`merge_and_unload` moves some layers in CPU

Hi all,

I’m using the following code to generate Haskell code with CodeLlama. When I use the original pre-trained CodeLlama 7B, my code runs fine. Then I fine-tuned it on my dataset and when I add the PeftModel line it works fine. But when I add merge_and_unload(), like I did for some other fine-tuned models (such as StarCoder), I get an Expected a cuda device, but got: cpu error message during inference and I see that some layers are moved to CPU. Why is this happening? Does the code behave the same without merge_and_unload(), but is just loads the Lora adapter every single time?
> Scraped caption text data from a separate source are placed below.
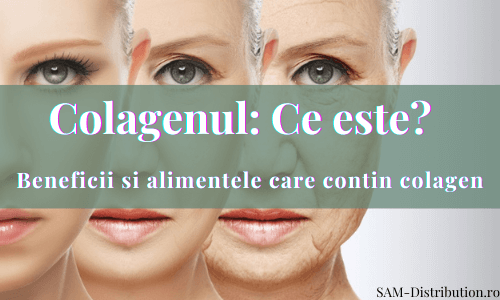 Colagenul: Ce este? Beneficii si alimente 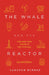 The Whale and the Reactor: A Search for Limits in an Age of High Technology, Second Edition by Langdon Winner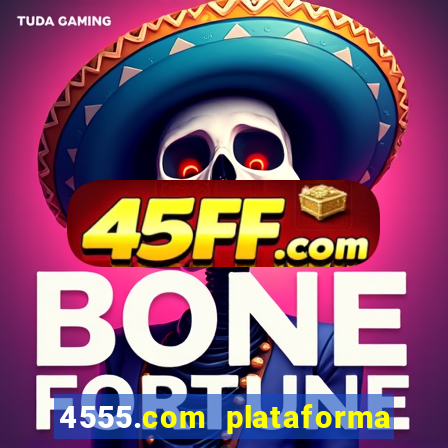 4555.com plataforma de jogos
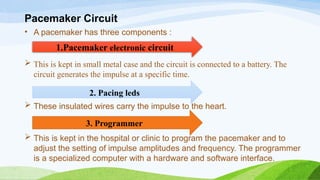 Pacemaker Hardware cardiac pacemaker internal cardiac device | PPTX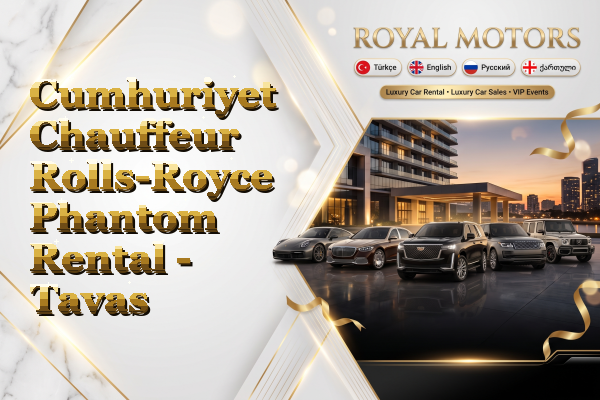 Cumhuriyet Chauffeur Rolls-Royce Phantom Rental - Tavas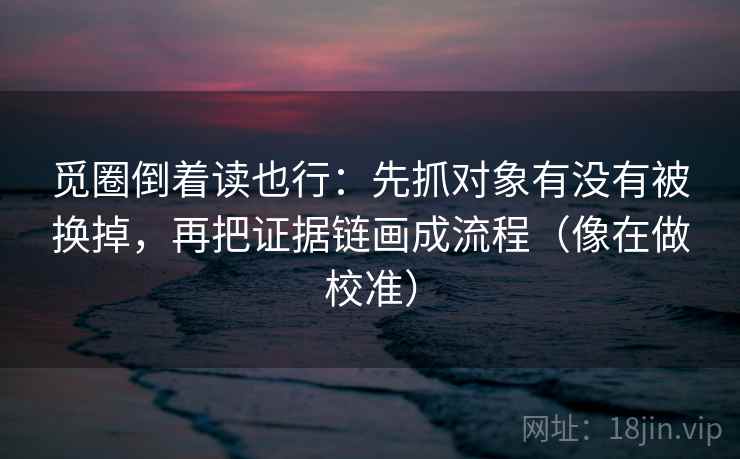 觅圈倒着读也行：先抓对象有没有被换掉，再把证据链画成流程（像在做校准）
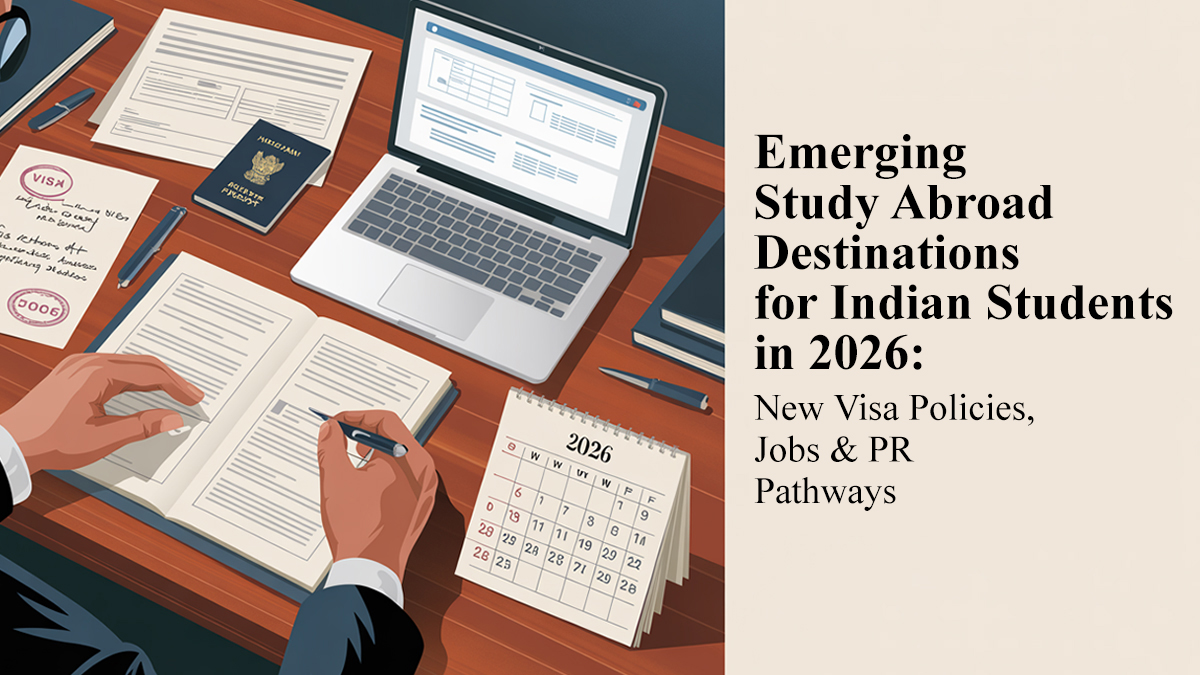 Emerging Study Abroad Destinations for Indian Students in 2026: New Visa Policies, Jobs & PR Pathways
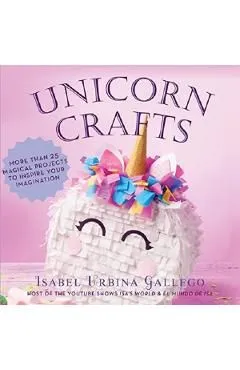 Unicorn Crafts: More Than 25 Magical Projects to Inspire Your Imagination
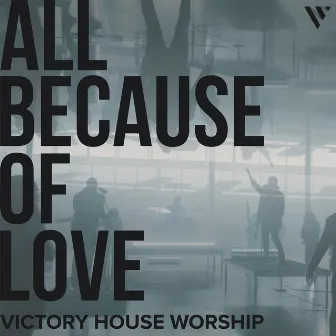 All Because of Love by Victory House Worship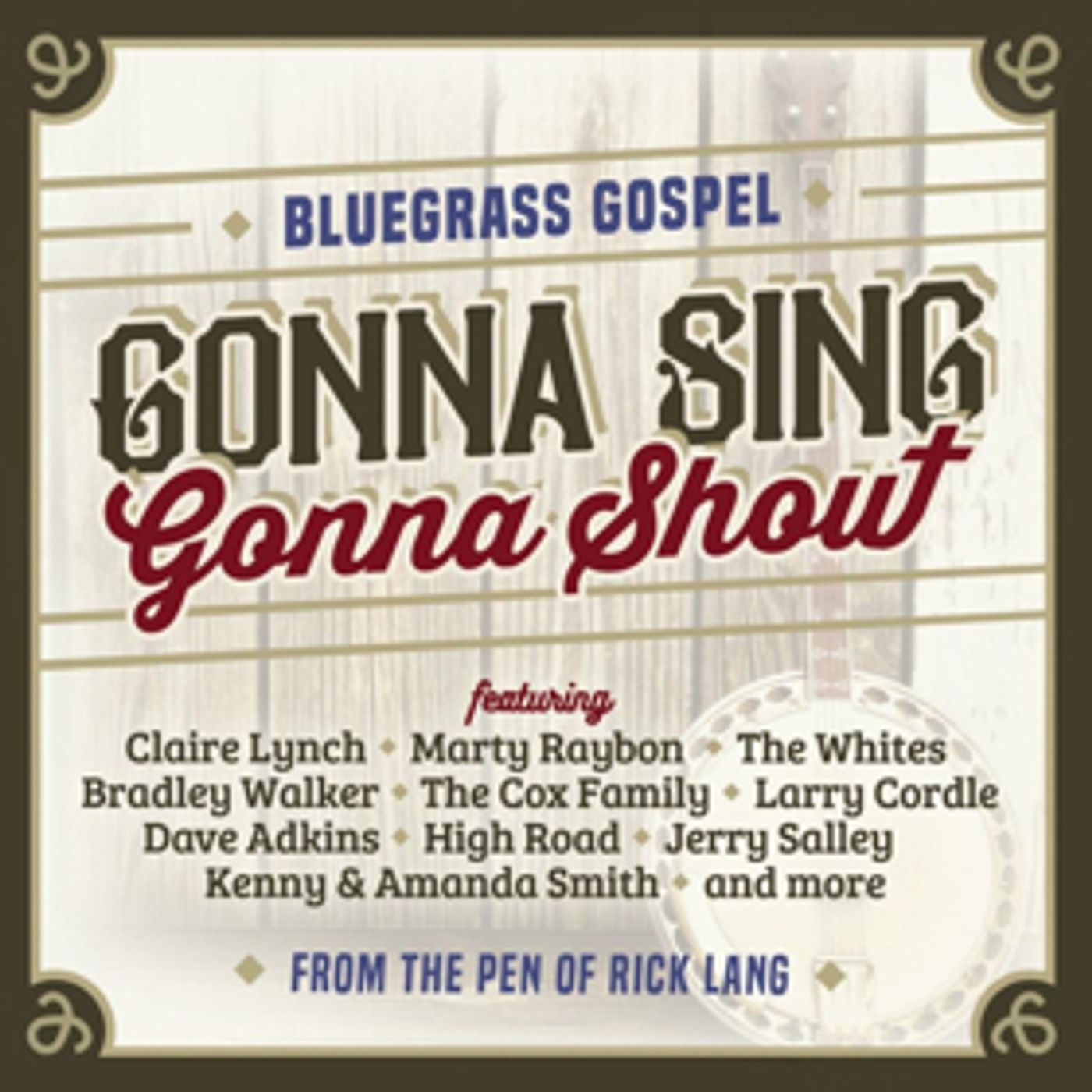 'Gonna Sing, Gonna Shout,' Featuring Top Country, Bluegrass and Gospel Stars, is Out Today  Image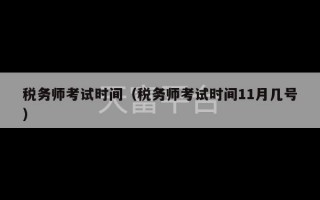 税务师考试时间（税务师考试时间11月几号）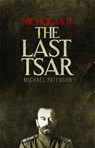 Nicholas II, The Last Tsar - Michael Paterson - 9781472136831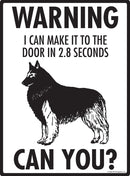 Belgian Tervuren Make It To Fence or Door Signs (9" x 12")-3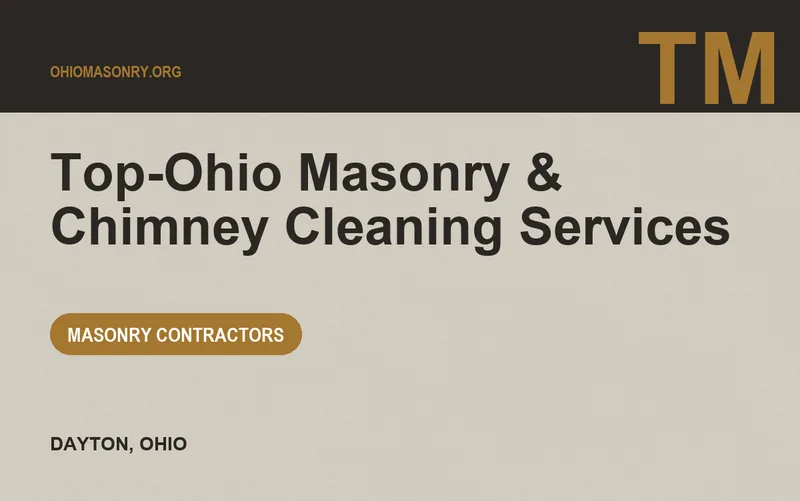 Top-Ohio Masonry & Chimney Cleaning Services in Dayton, Ohio
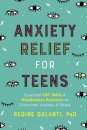Anxiety Relief for Teens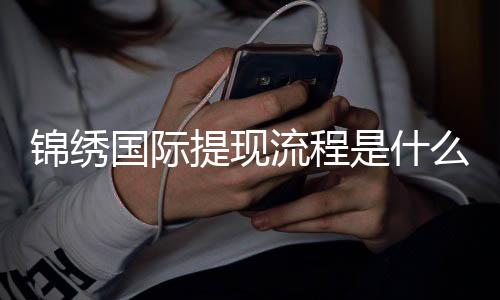 锦绣国际提现流程是什么：详细解析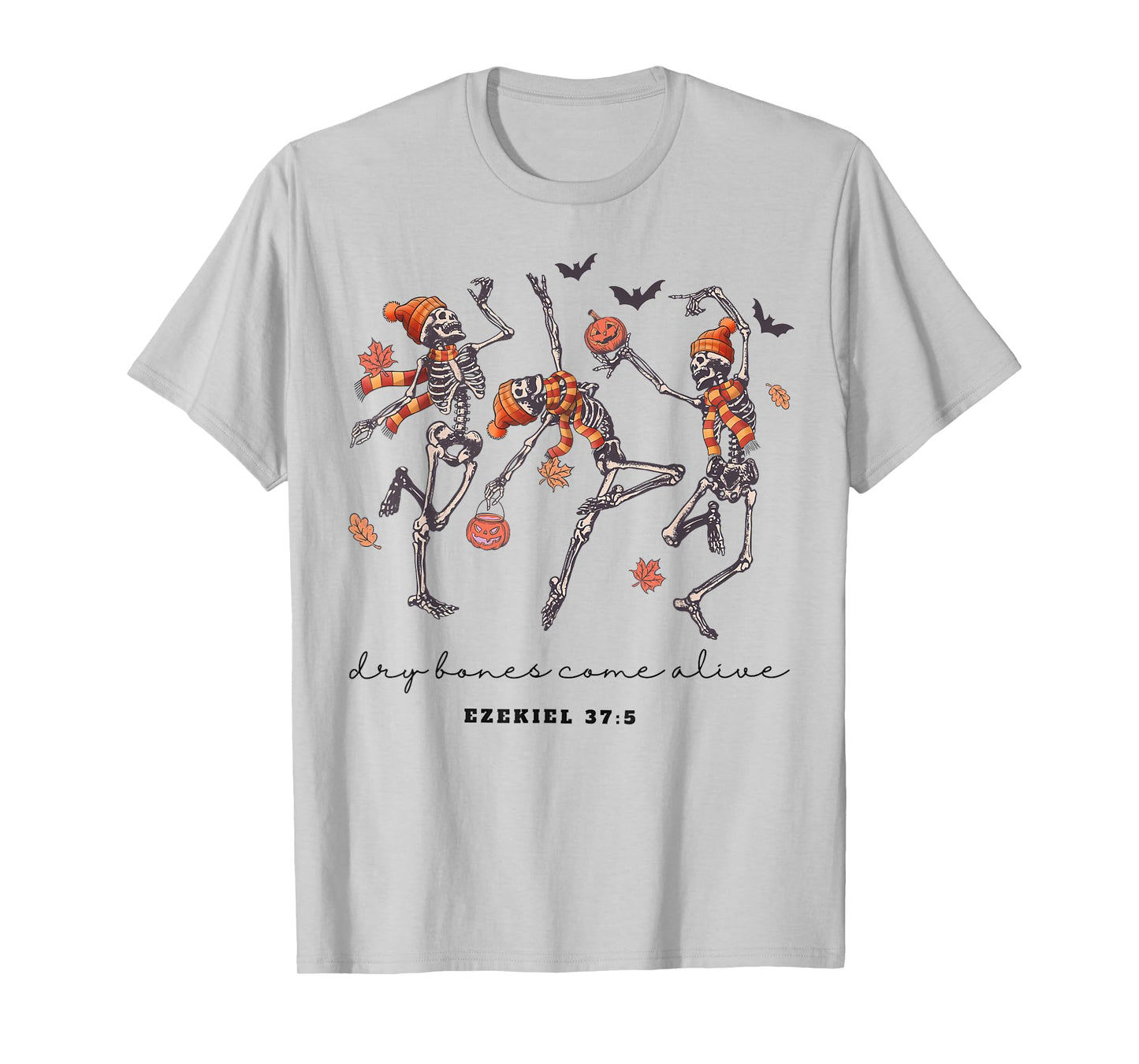 Skeleton Bible Verse Dry Bones Come Alive Christian Jesus T-Shirt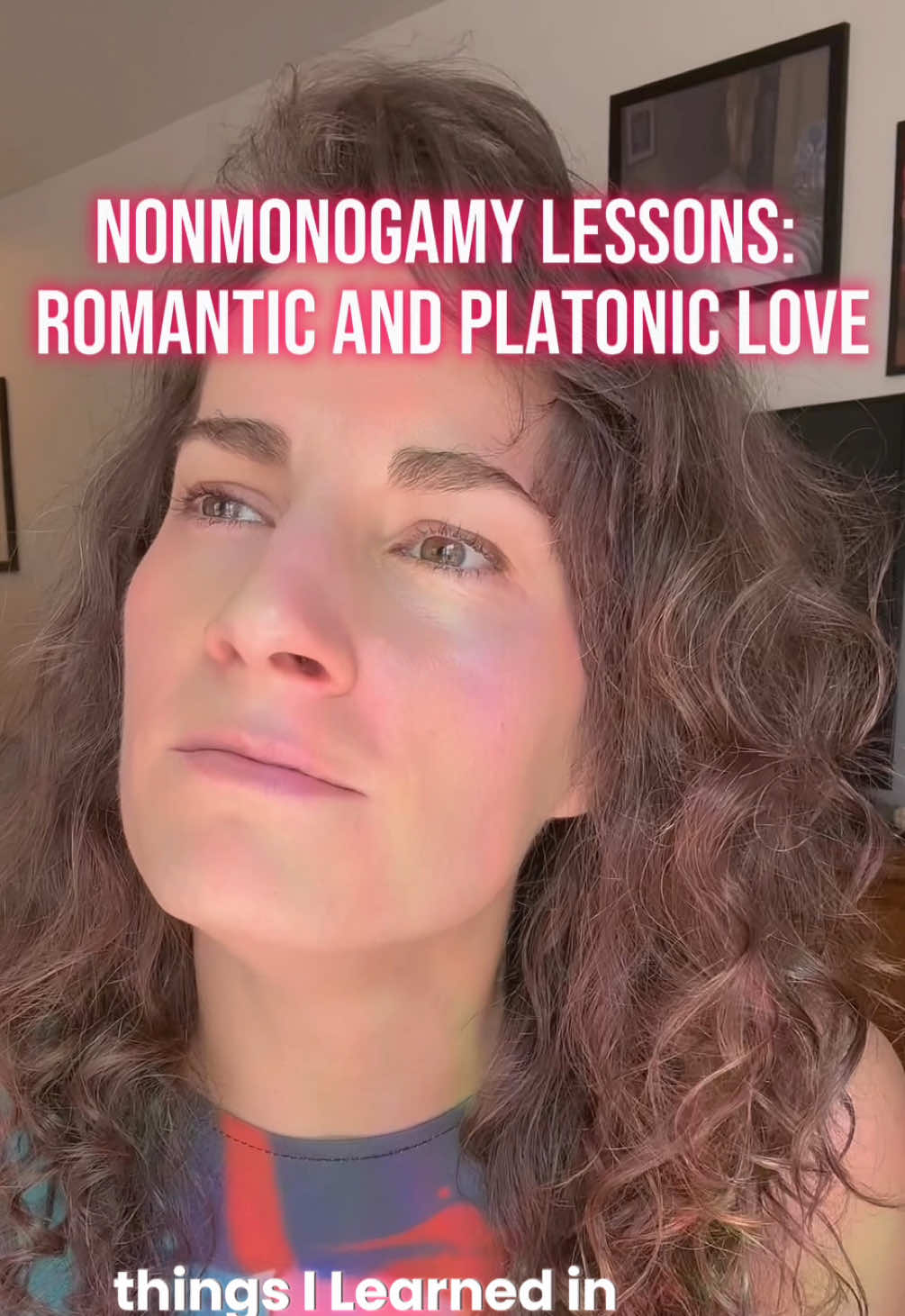 LESSONS IN NONMONOGAMY: Romantic and platonic relationships should look more like each other.  It’s easy to fall into “either/or” thinking. It's romantic or it's not, they have 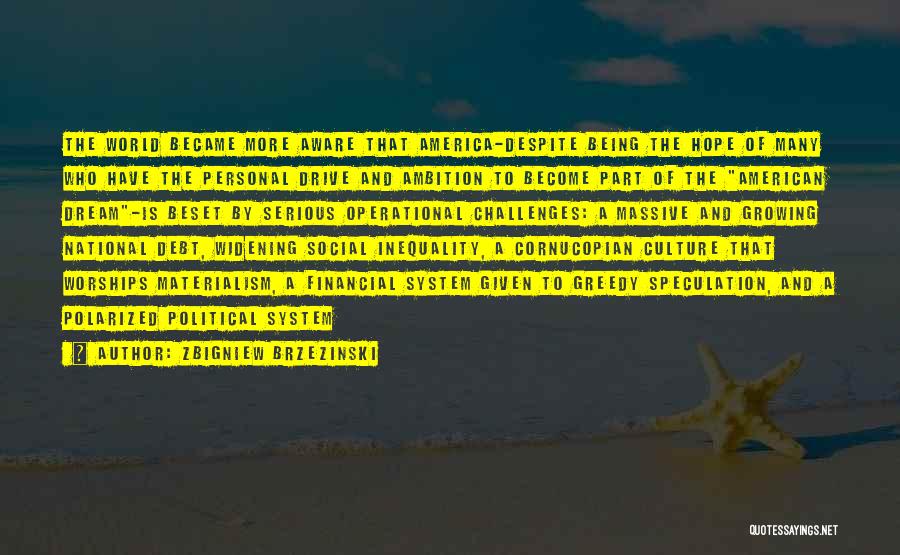 Zbigniew Brzezinski Quotes: The World Became More Aware That America-despite Being The Hope Of Many Who Have The Personal Drive And Ambition To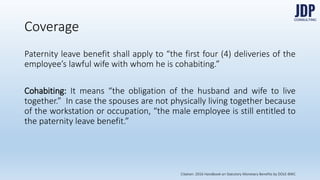 Coverage
Paternity leave benefit shall apply to “the first four (4) deliveries of the em-
ployee’s lawful wife with whom he is cohabiting.”
Cohabiting: It means “the obligation of the husband and wife to live togeth-
er.” In case the spouses are not physically living together because of the
workstation or occupation, “the male employee is still entitled to the paternity
leave benefit.”
Citation: 2016 Handbook on Statutory Monetary Benefits by DOLE-BWC
 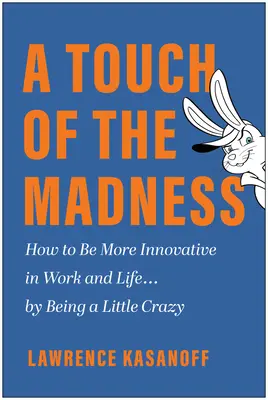 O atingere a nebuniei: Cum să fii mai inovator la locul de muncă și în viață . . . fiind un pic nebun - A Touch of the Madness: How to Be More Innovative in Work and Life . . . by Being a Little Crazy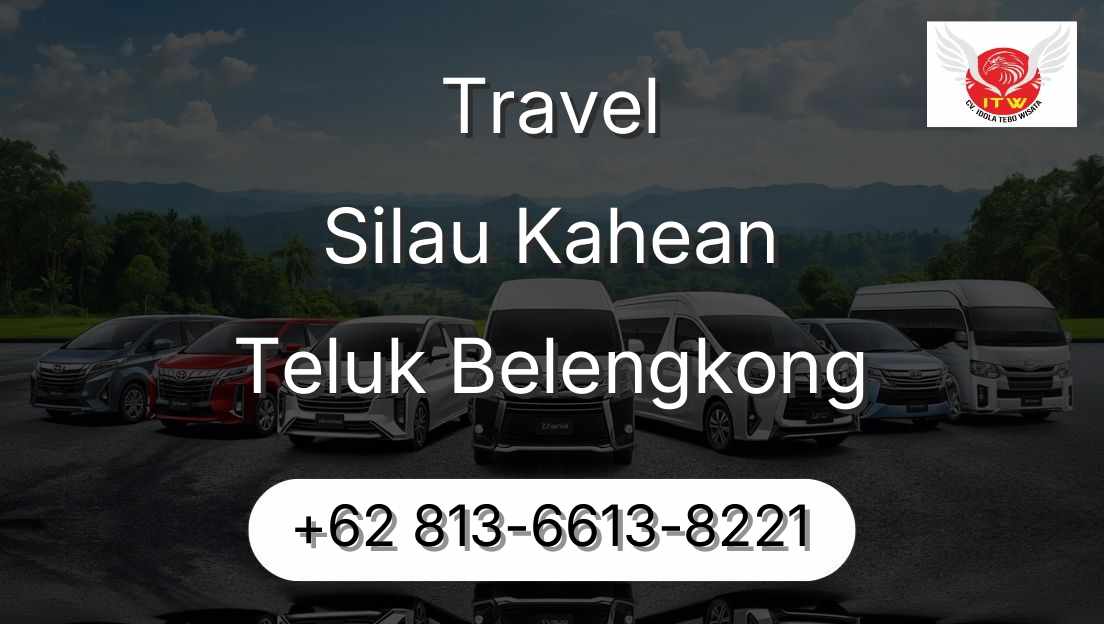 Travel Silau Kahean Teluk Belengkong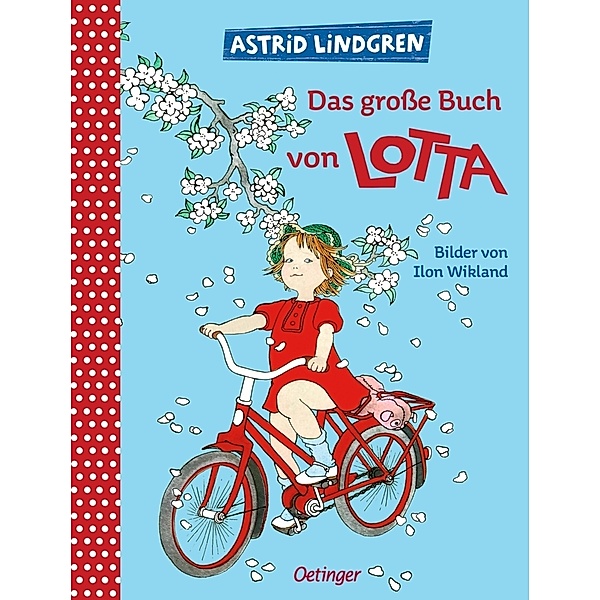 Das grosse Buch von Lotta, Astrid Lindgren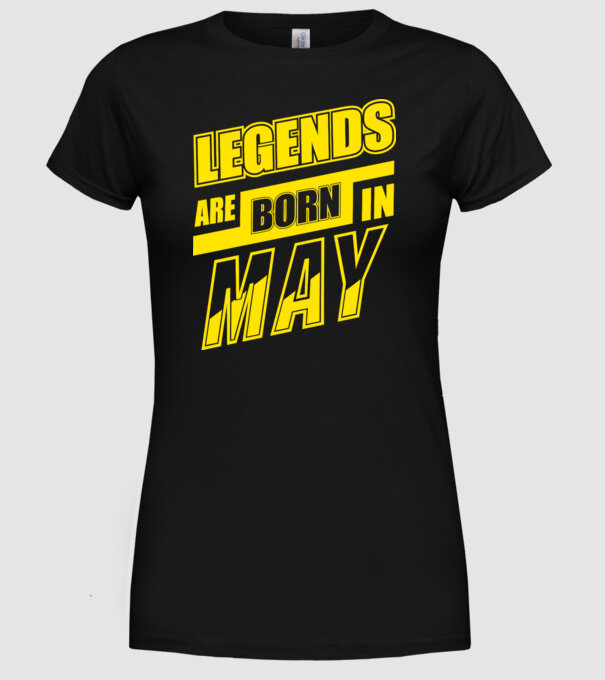 Legends are born in May model negru pe tricou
        tokenizer = AutoTokenizer.from_pretrained(
            "codellama/CodeLlama-7b-hf",
            cache_dir=cdir
        )
        tokenizer.pad_token = tokenizer.eos_token
        tokenizer.pad_token_id = tokenizer.eos_token_id
        tokenizer.padding_side = "left"

        quant_config = BitsAndBytesConfig(
            load_in_4bit=True,
            bnb_4bit_use_double_quant=True,
            bnb_4bit_quant_type="nf4",
            bnb_4bit_compute_dtype=torch.float16
        )

        model = AutoModelForCausalLM.from_pretrained(
            "codellama/CodeLlama-7b-hf",
            device_map="auto",
            torch_dtype=torch.float16,
            quantization_config=quant_config,
            low_cpu_mem_usage=True,
            cache_dir=cdir
        )

        model = PeftModel.from_pretrained(model, "path_to_finetuned_checkpoint")
        # model = model.merge_and_unload()

        self.tokenizer = tokenizer
        self.model = model